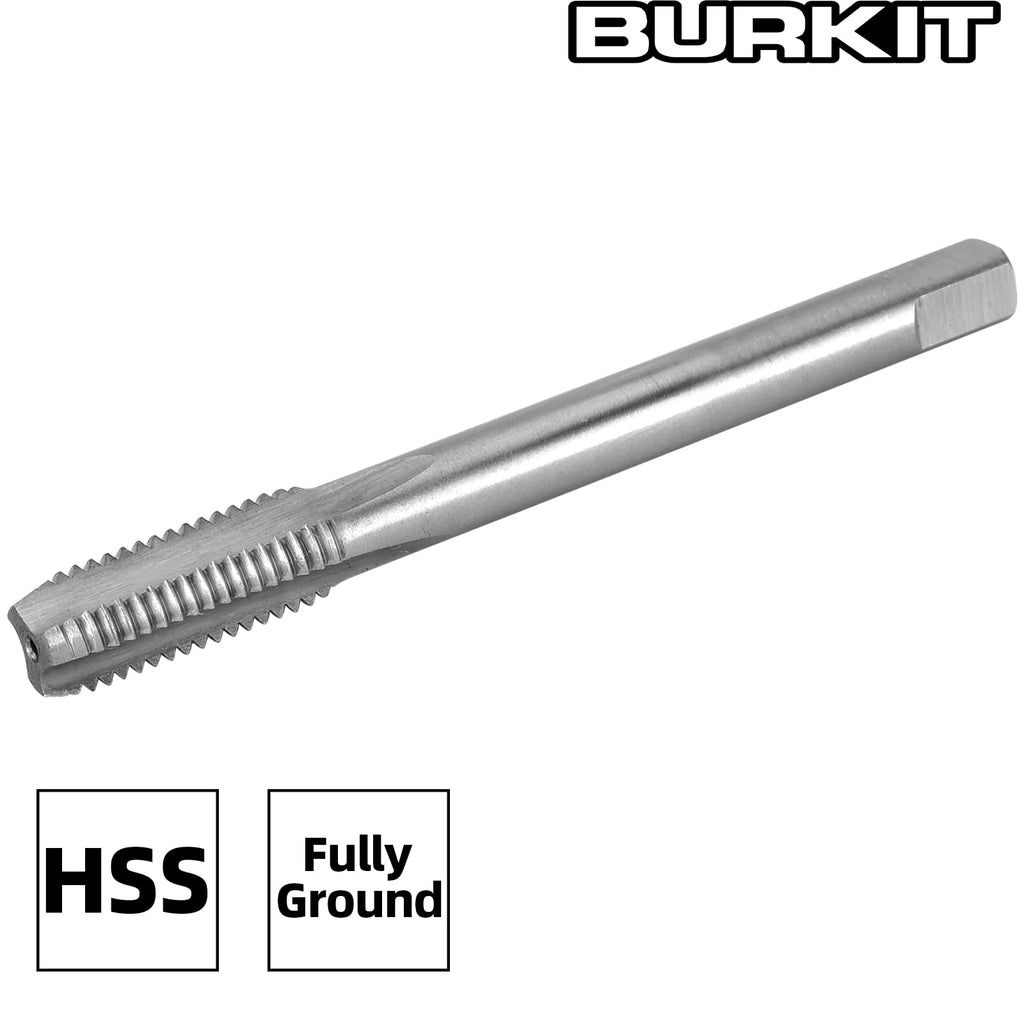 Burkit 2pcs M8 X 1.25 Thread Tap Right Hand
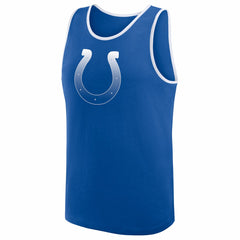 Indianapolis Colts Logo Athletic Unmatched Success Tank Top Royal | NFL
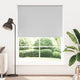 Vidaxl Roller Blind Dammning 160 x 230 cm Grau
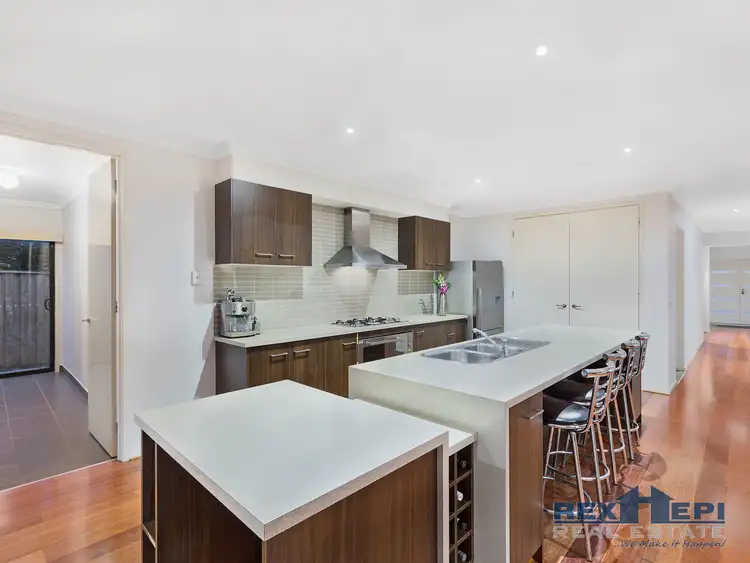 Fourth view of Homely house listing, 12 Leisurewood Drive, Berwick VIC 3806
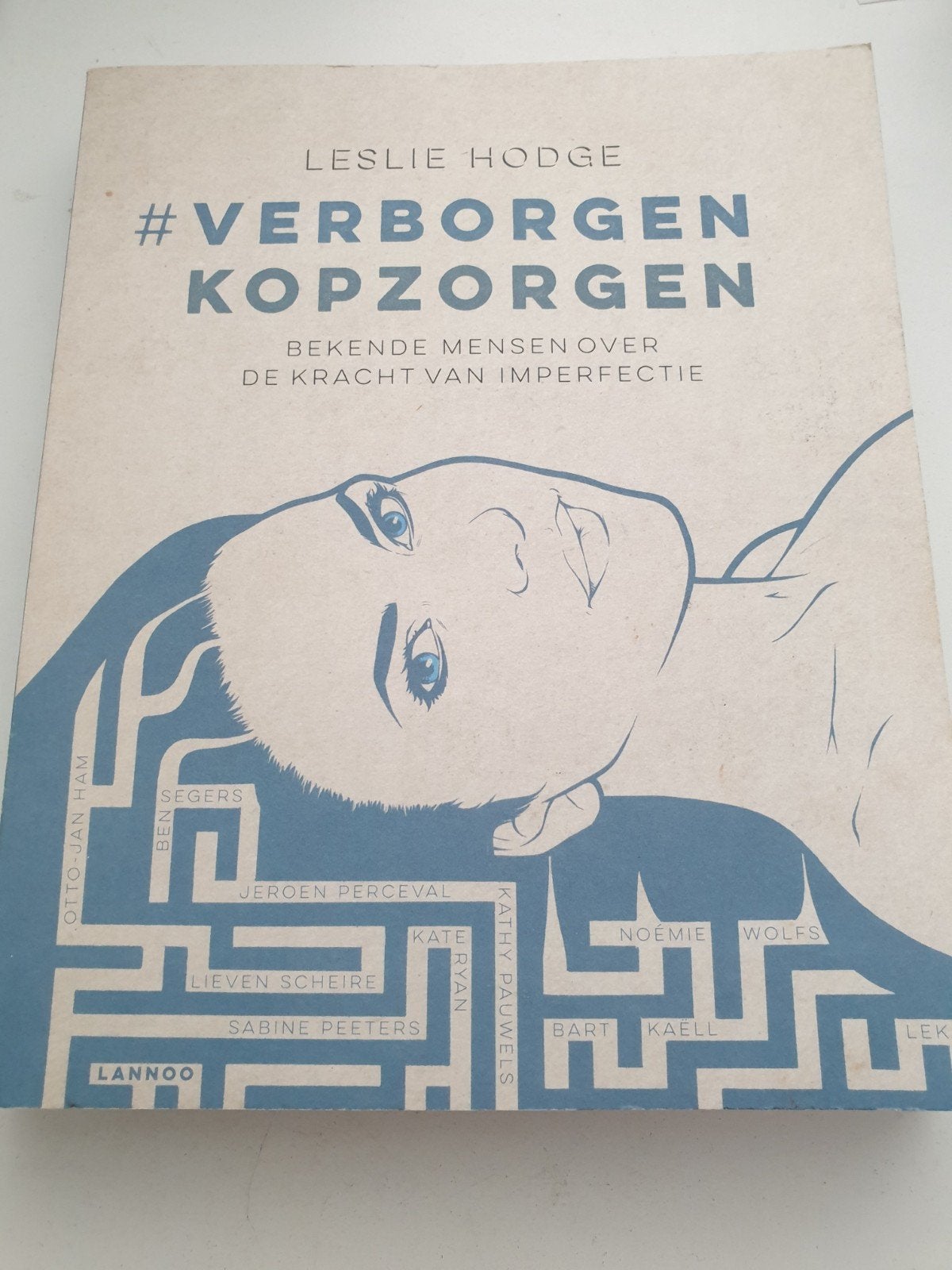 Leslie Hodge - Verborgen kopzorgen, Boeken, Psychologie, Ophalen of Verzenden, Zo goed als nieuw, Leslie Hodge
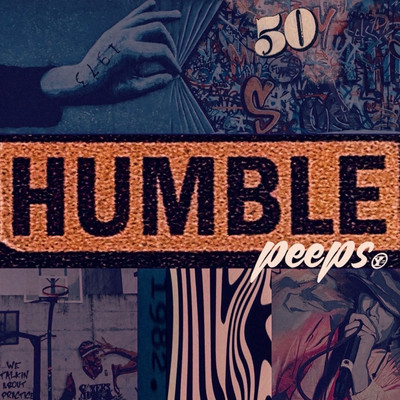 HUMBLE PEEPS Front Cover
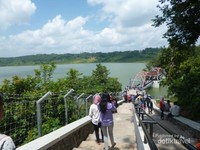 Waduk Jatibarang Waduk Jatibarang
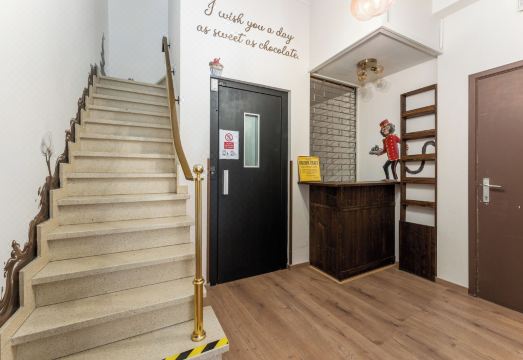 The Chocolate Suites Hotel Overview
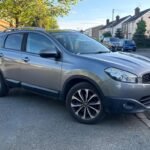 2012 Nissan Qashqai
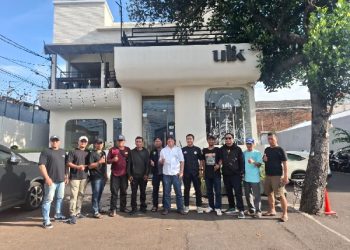 AMHI Bahas Rencana Pembentukan Organisasi Media Sosial di Jabodetabek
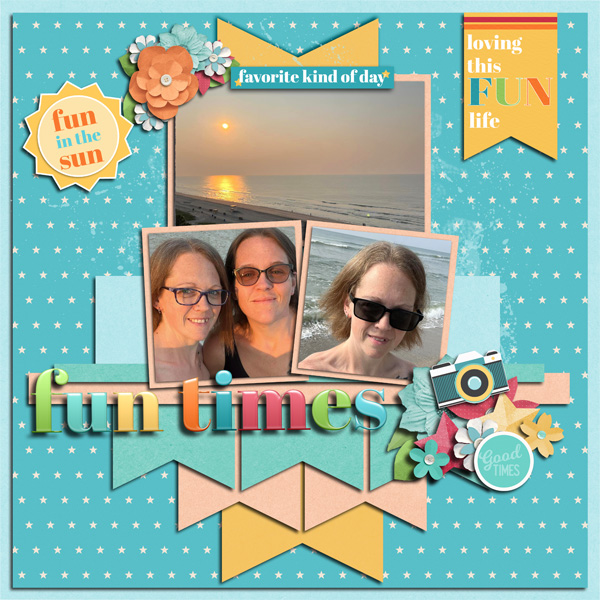 Fun in the Sun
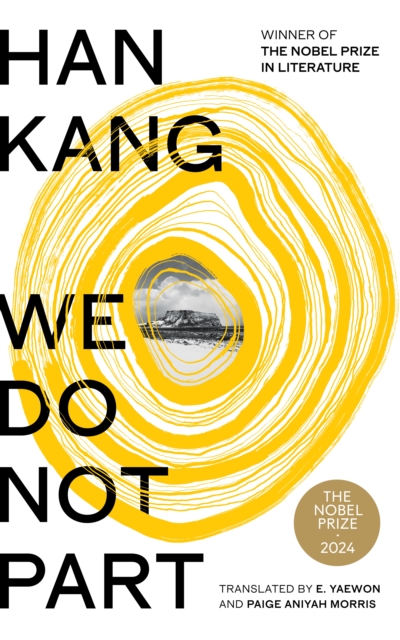 Book cover of We Do Not Part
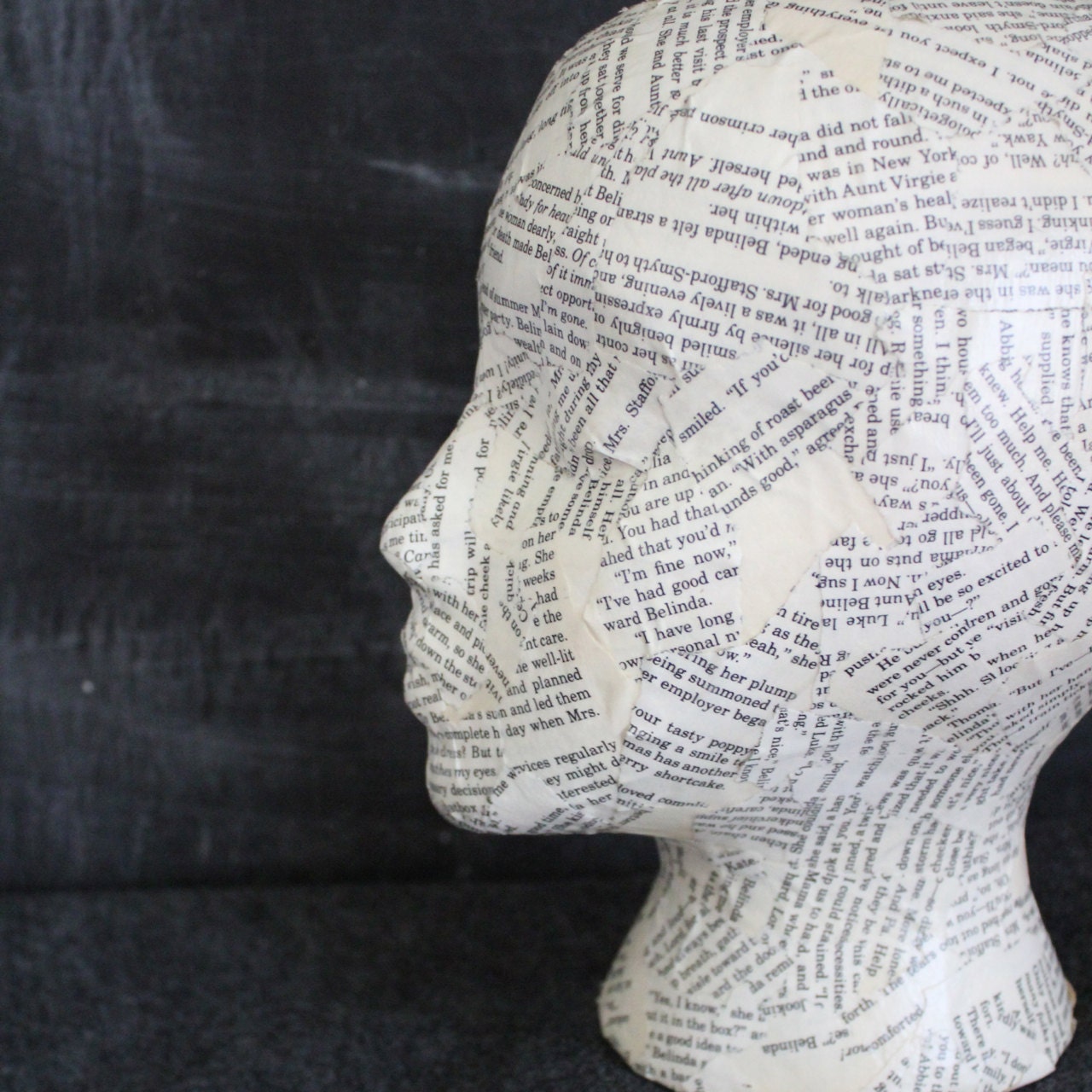 Mannequin Head - Hat Display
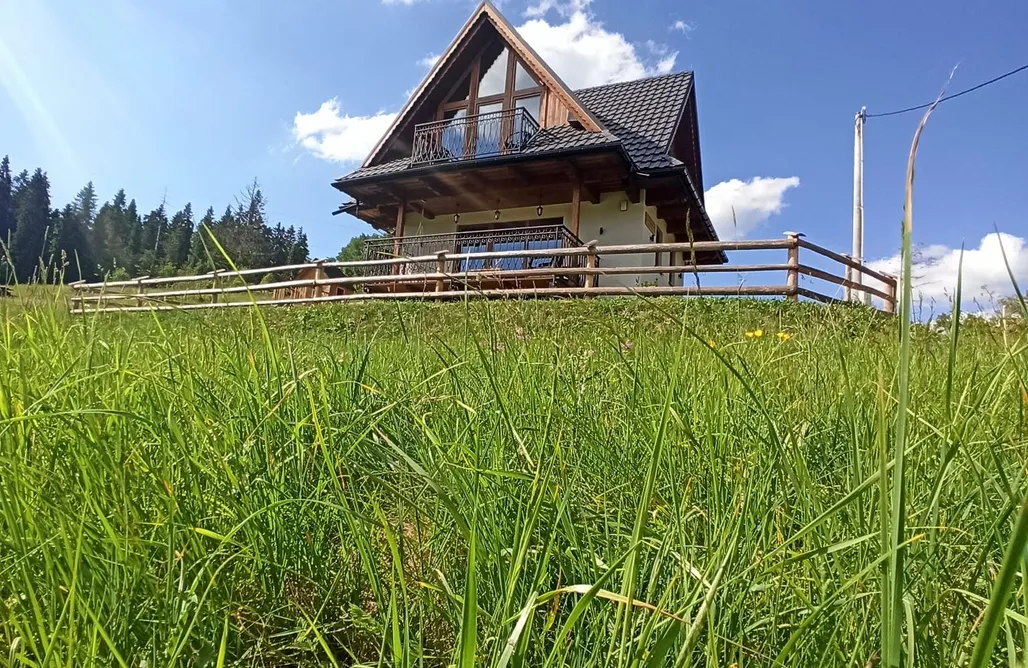 Alloggi AlohaCamp Domek na Ubocy z jacuzzi, sauną, bez sąsiadów 3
:::::
* The problem
Once the line with "Vidaxl Roller Blind" is found, write out that line and every later line of the listing above exactly, through the last one, and skip any pictures.

* Result of the exercise
 Vidaxl Roller Blind Dammning 160 x 230 cm Grau
 Fourth view of Homely house listing, 12 Leisurewood Drive, Berwick VIC 3806
 Leslie Hodge - Verborgen kopzorgen, Boeken, Psychologie, Ophalen of Verzenden, Zo goed als nieuw, Leslie Hodge
 HUMBLE PEEPS Front Cover
 Waduk Jatibarang Waduk Jatibarang
 The Chocolate Suites Hotel Overview
 2012 Nissan Qashqai
 AMHI Bahas Rencana Pembentukan Organisasi Media Sosial di Jabodetabek
 Fun in the Sun
 Book cover of We Do Not Part
 Mannequin Head - Hat Display
 Alloggi AlohaCamp Domek na Ubocy z jacuzzi, sauną, bez sąsiadów 3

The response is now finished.